The law is settled that a railroad company may have a fee simple title of land which it has purchased for a valuable consideration (not voluntary) with no limitation on the quantum of estate conveyed, all of which is reflected in the foregoing deeds. None of these deeds have any reference to rights of way as was the three time recital in the deed in Schuermann Enterprises, Inc. v. St. Louis County, 436 S.W.2d 666, 668[3] (Mo.1969). Cases holding that a fee simple title to real estate may be taken by a railroad for consideration are: Coates & Hopkins Realty Co. v. Kansas City T. Ry. Co., 328 Mo. 1118, 43 S.W.2d 817, 822[9] (1931); and Clay v. Missouri State Highway Commission, 362 Mo. 60, 239 S.W.2d 505, 508[5, 6] (1951). The Clay case distinguished Brown v.
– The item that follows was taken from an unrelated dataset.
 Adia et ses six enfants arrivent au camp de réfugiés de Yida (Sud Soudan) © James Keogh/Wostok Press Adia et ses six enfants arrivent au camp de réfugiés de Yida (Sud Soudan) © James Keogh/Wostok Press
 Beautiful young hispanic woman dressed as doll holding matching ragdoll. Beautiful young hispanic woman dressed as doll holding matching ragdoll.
Weare, 348 Mo. 135, 152 S.W.2d 649 (Mo.1941), upon the basis that the latter was a voluntary conveyance, i. e., one without consideration. The evidence here is abundant that respondents paid a valuable consideration for the tracts in question, and furthermore, for more than 25 years they held the land by adverse possession against all persons, which fact further strengthens respondents’ claims of absolute ownership. Moran v. Roaring River Development Company, 461 S.W.2d 822, 831[6] (Mo.1970), where it was said, “Adverse possession confers a full title in fee, as much so as a warranty deed from the owner. Moore v. Hoffman, 327 Mo. 852, 39 S.W.2d 339.”
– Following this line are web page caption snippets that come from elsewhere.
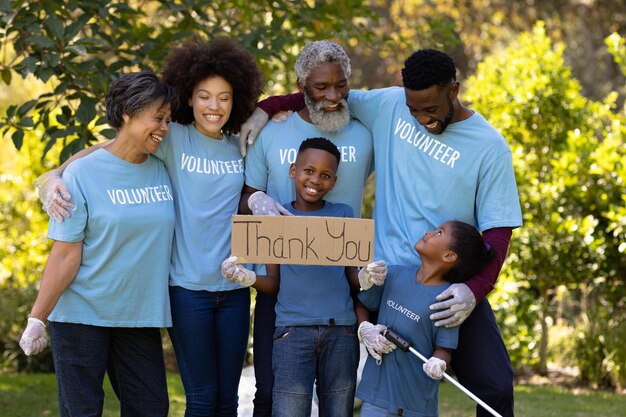 Família de raça mista de várias gerações passando tempo juntos, todos vestindo camisetas azuis de voluntários e luvas de proteção, coletando lixo, abraçando-se, segurando uma placa de voluntário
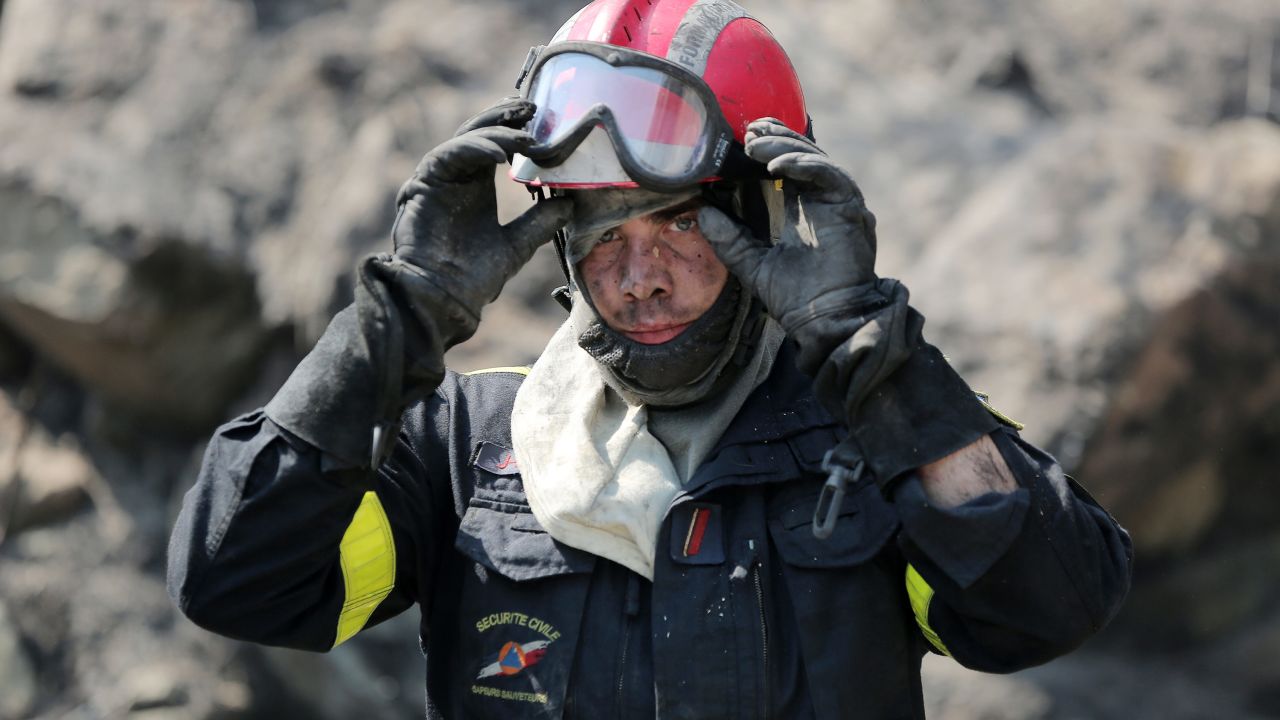 A firefighter takes a break at the site of a wildfire near Ortale, France, on July 25.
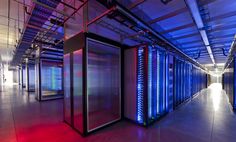 rows of servers in a data center with red and blue lights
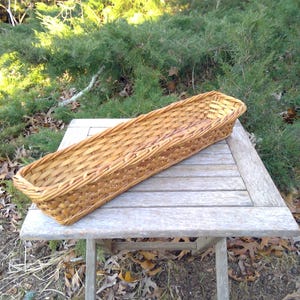 May include: A long, rectangular woven basket made of light brown wicker sits on a weathered wooden table. The basket's design features a tightly woven pattern, and it is empty. The background includes greenery and fallen leaves.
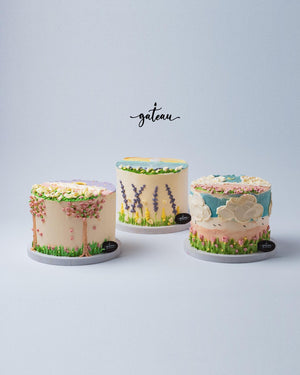Gateau Gourmet Cafe midnight garden mini cake with floral and nature-inspired icing decorations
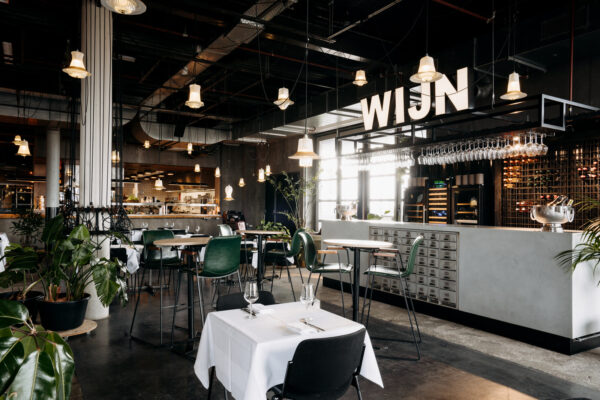 Modern restaurantinterieur aan de Johan Huizingalaan met open keuken, hoge tafels en een opvallende wijnbar met glazenrek en het woord “WIJN” in grote letters.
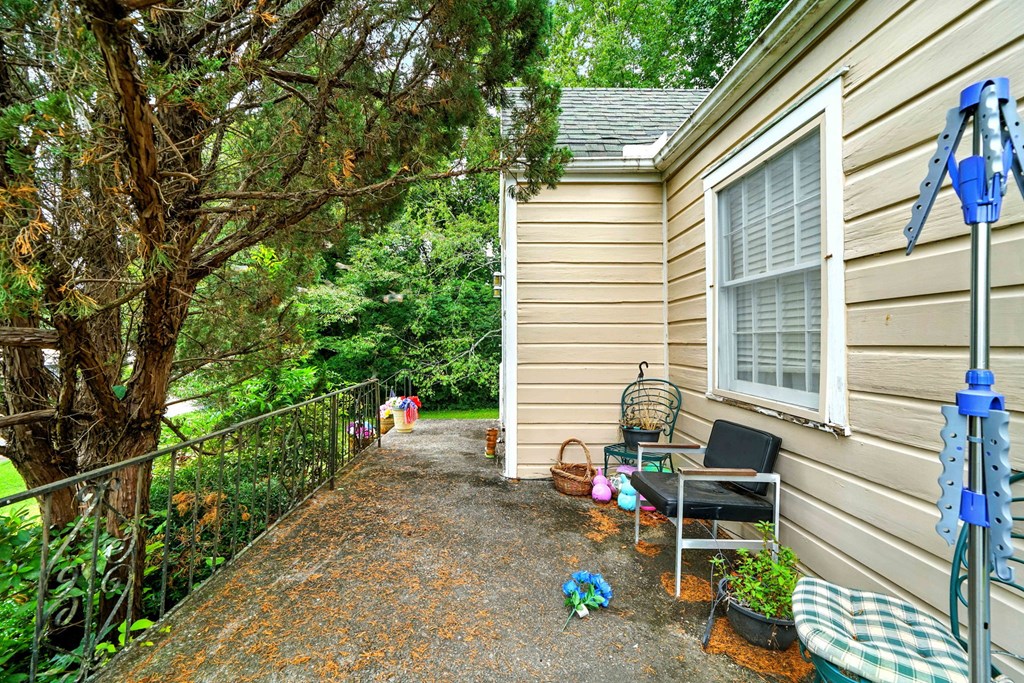 1003 East Church Street Jasper, GA 30143 - Photo 6 of 27 a backyard of a house with outdoor seating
Not by separate point but in argument under its Point II, appellant presents the proposition that because of constitutional restrictions; the authorization of Union’s charter; the fact that Union is excepted from the application of the General Corporation Law of Missouri, § 351.020, RSMo 1969; and the fact that Union is incorporated under Chapter 388, all that Union has by way of interest in the tracts in question is an easement. § 388.210(2) provides that a voluntary grant shall be held by the railroad for the purpose of such grant only. It says nothing about a conveyance to a railroad upon a valuable consideration, which fact here and the cases above referred to enables the railroad to hold real estate in fee simple.
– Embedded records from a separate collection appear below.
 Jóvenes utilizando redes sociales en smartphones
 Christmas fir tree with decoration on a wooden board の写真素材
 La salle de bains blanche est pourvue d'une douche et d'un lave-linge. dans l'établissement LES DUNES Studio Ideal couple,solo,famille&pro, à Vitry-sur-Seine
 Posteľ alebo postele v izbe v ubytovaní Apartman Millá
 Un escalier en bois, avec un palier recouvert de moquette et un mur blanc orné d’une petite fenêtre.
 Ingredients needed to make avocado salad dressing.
Mo.Const. Art. 11, § 5, does provide that no corporation shall engage in business other than that authorized by its charter or by law, nor hold any real estate except as is necessary and proper for the carrying out of its legitimate business. Union’s charter authorizes it “to form a Company for the purpose of constructing, maintaining and operating a standard gauge railroad for public use in the conveyance of persons and property * * If as appellant contends, Union’s leasing of the lands involved in this condemnation are for non-railroad purposes and thus were ultra vires acts under the constitutional provi*764sions and Union’s charter, appellant has no standing to raise the question. With some exceptions such as a stockholder who is not estopped by accepting pecuniary benefits, see 19 Am.Jur.2d Corporations, § 969, p. 447, only the attorney general of the state, or any circuit or prosecuting attorney of the county in which the action is commenced, may raise the question of ultra vires acts of a corporation. See § 531.010, RSMo 1969. Land v. Coffman, et al., 50 Mo. 243 (1872); Atlantic & Pacific R.R. Co. v. City of St. Louis, 66 Mo. 228, 251 (1877); Chambers v. City of St. Louis, 29 Mo. 543, 576 (1860). In the Land case, defendant, in a situation similar to that of Union here, claimed title through the Pacific Railroad Company. Plaintiff challenged the railroad’s power to hold the land in question. Inter alia, the court held that no one except the state in a direct proceedings could raise the question as to the amount of land which might be held. See also Hovelman v. The Kansas City Horse R.R. Co., 79 Mo. 632, 639 (1883); Shewalter v. Pirner, et al., 55 Mo. 218, 233 (1874); Martindale v. Kas. C., St. Jo. & C. B. R. R. Co., 60 Mo. 508, 510 (1875); and Coates & Hopkins Realty Co. v. Kansas City T. Ry. Co., 328 Mo. 1118, 43 S.W.2d 817, 822 (1931).

The trial court did not err in apportioning the commissioners’ awards as it did. It follows that no evidence in disparagement of respondents’ ownership or title will be admissible in the trial to a jury of the issue of the fair market values of the properties.

The judgment is affirmed.

All concur.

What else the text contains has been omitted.